Self adjointness of an elliptic differential operator Let $A:D(a)\to L^2(\mathbb{R}^n)$ be an elliptic partial differential operator
$$
A(f)=\sum_{i,j=1}^{\infty}\partial_{x_j}(a_{ij}(x)\partial_{x_i}f)
$$
where $a_{ij}\in C^{\infty}_b(\mathbb{R}^n)$, this means they are bounded continuously differentiable functions with bounded derivative of all orders.
Assume that there is a $c>0$ such that for every $y=(y_1,\ldots,y_n)$
$$
\sum_{i,j=1}^{n}a_{ij}(x)y_iy_j>c|y|^2,\ \text{for every $x$.}
$$
Assume also that $a_{ij}=a_{ji}$.
The question is how to prove that, on the domain $D(A)=H^2(\mathbb{R}^n)$, the operator $A$ is selfadjoint.
 A: We recall definitions first. Let $H$ be a Hilbert space.

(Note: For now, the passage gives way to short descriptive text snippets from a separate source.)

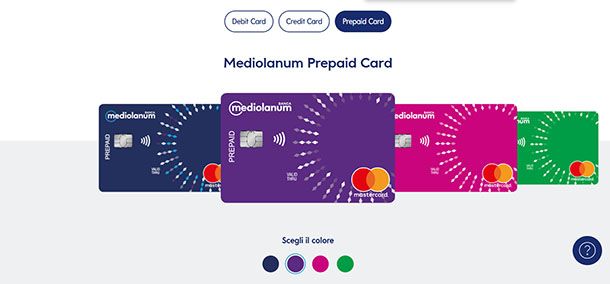 Carta con IBAN Mediolanum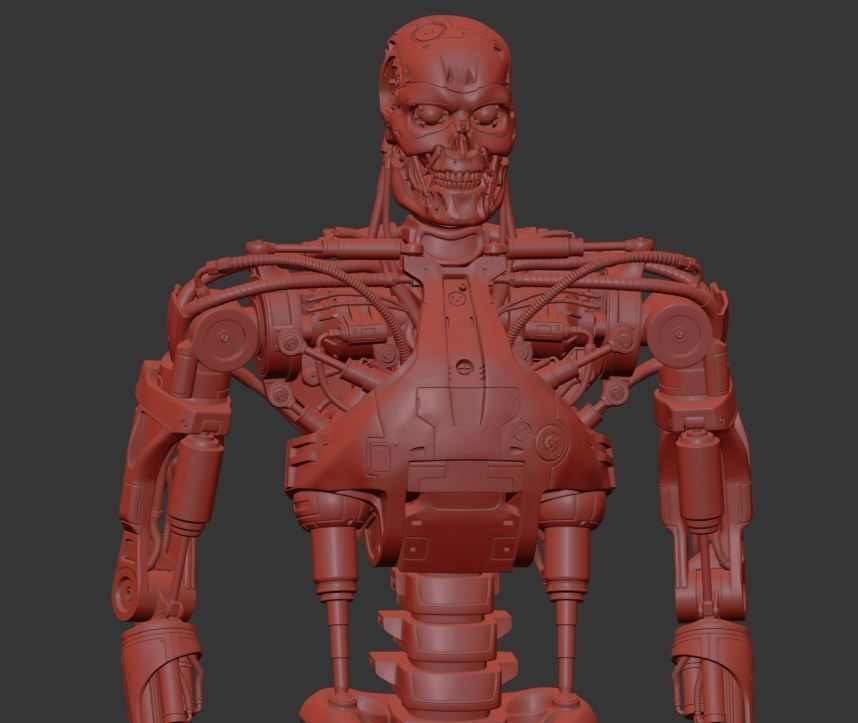 T-800 Terminator V2 High Detal 3D print model_16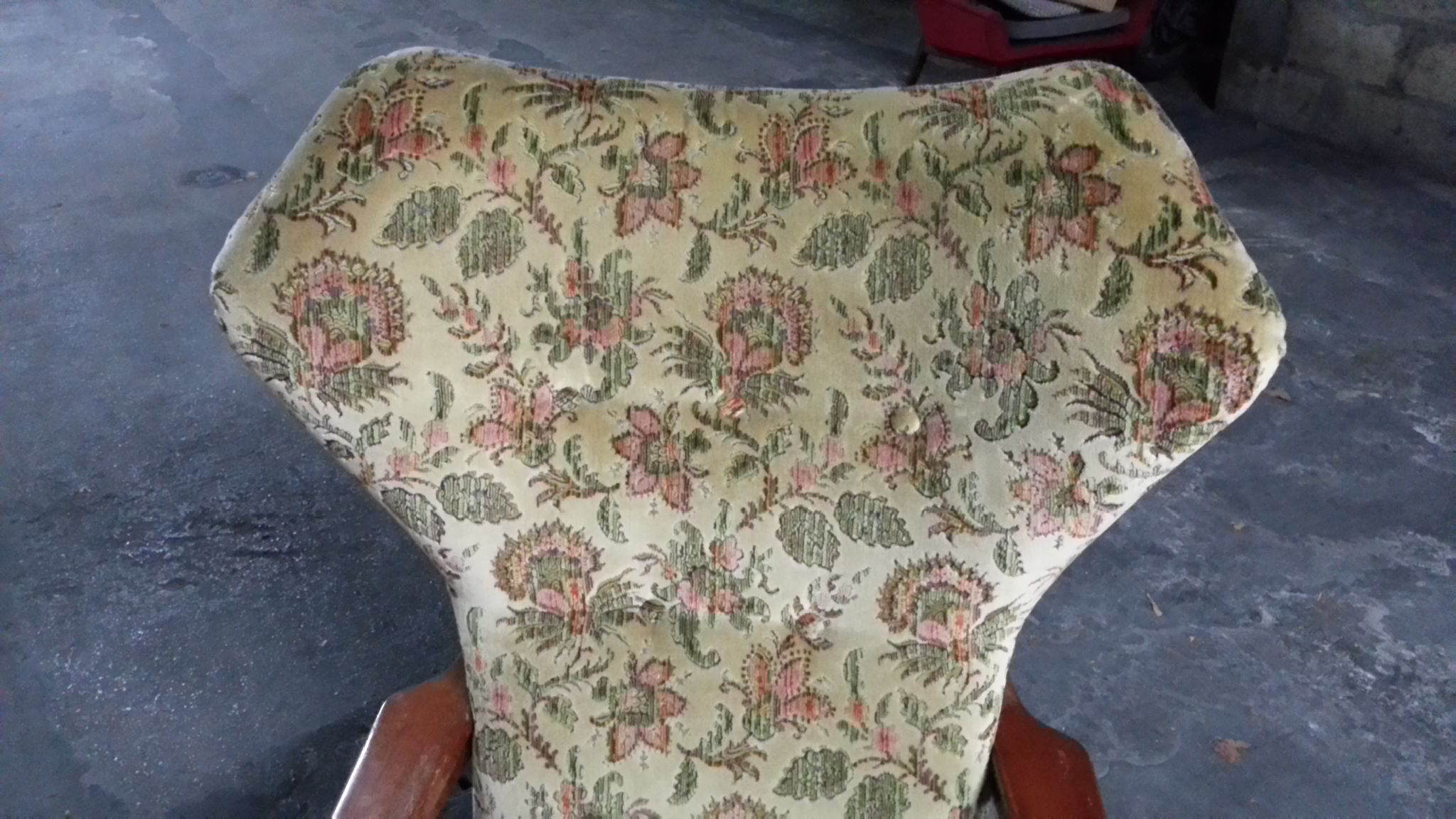 Chair wing chair flower Scandinavian styl Ib Kofod-Larsen for Carlo Gahrn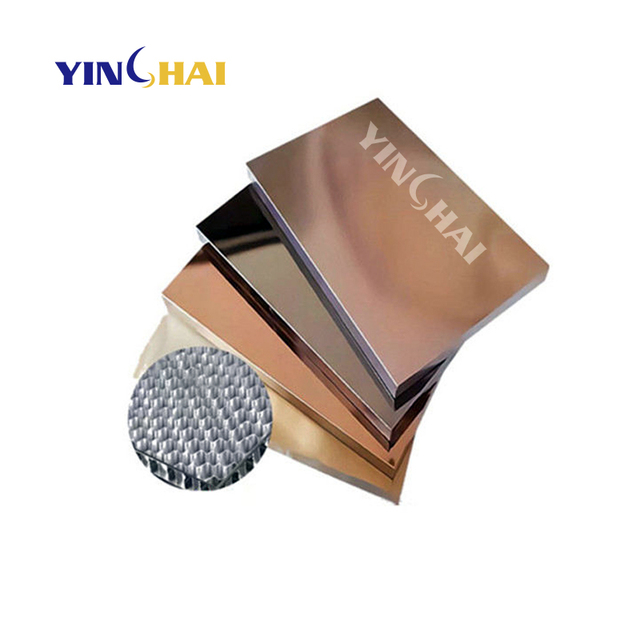 Stainless Steel Mirror Honeycomb Core Sandwich Board Panels Modern Mould-Proof Indoor Use for Hotel Lobby Lounge Bar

A linear operator $A\colon D(A)\subset H\to H$ is said to be symmetric if 
\begin{equation}
(Af, g)=(f, Ag),\qquad \forall f, g\in D(A),
\end{equation}
and it is said to be self-adjoint if
\begin{equation}
D(A)=D(A^\star)\quad \text{and}\quad (Af, g)=(f, Ag),\quad \forall f,g\in D(A).
\end{equation}
Here $D(A^\star)$ is the biggest domain on which the adjoint operator $A^\star$ can be defined, that is 
\begin{equation}
D(A^\star)=\left\{g\in H\ |\ \text{the map }f\in D(A)\mapsto (Af, g)\ \text{is a continuous linear functional}\right\}\end{equation}
A self-adjoint operator is necessarily closed, meaning that its graph $\{(f, Af)\in D(A)\times H\}$ is a closed subset of $H\times H$. This is equivalent to the fact that $D(A)$ is a Banach space when equipped with the graph norm 
$$\lVert f\rVert_{G(A)}=\lVert f\rVert+\lVert Af\rVert,\qquad f\in D(A).$$
To prove that a symmetric operator is self-adjoint one can use the following criterion, named basic criterion of self-adjointess on Reed & Simon's Methods of Modern Mathematical Physics, volume I, Theorem VIII.3. 
Theorem. Let $A$ be symmetric. Then the following three statements are equivalent:


*

*$A$ is self-adjoint;

*$A$ is closed and $\ker(A^\star\pm i)=\{0\}$;

*$A\pm i$ are both surjective.


We will show that the operator $A$ given in the question is self-adjoint by proving that it satisfies property 2. First of all we note that $A$ is closed, because from elliptic regularity theory (see for example Evans's book on PDE, 2nd edition, §6.3.5) we have for the graph norm 
$$\lVert f\rVert_{G(A)}=\lVert f\rVert_{L^2}+\lVert Af\rVert_{L^2}\ge C\lVert f\rVert_{H^2},\qquad \forall f\in D(A),$$
so a $\lVert\cdot \rVert_{G(A)}$-Cauchy sequence is a $\lVert \cdot \rVert_{H^2}$-Cauchy sequence also and $D(A)$ is a Banach space with the graph norm. We now turn to the equation
\begin{equation}\tag{1}
(A^\star + i)f=0.
\end{equation}
We claim that any $f\in D(A^\star)$ satisfying \eqref{1} is necessarily null. Indeed, again by regularity theory we can observe that $f\in C^\infty$. So 
\begin{equation}
0=(A^\star+i)f=(A+i)f,
\end{equation}
and because of symmetry we have $\lVert (A+i)f\rVert_{L^2}^2=\lVert Af\rVert_{L^2}^2+\lVert f\rVert_{L^2}^2$, from which we conclude that $f\equiv 0$. We have thus proved that $A$ satisfies all properties of the basic criterion of self-adjointness.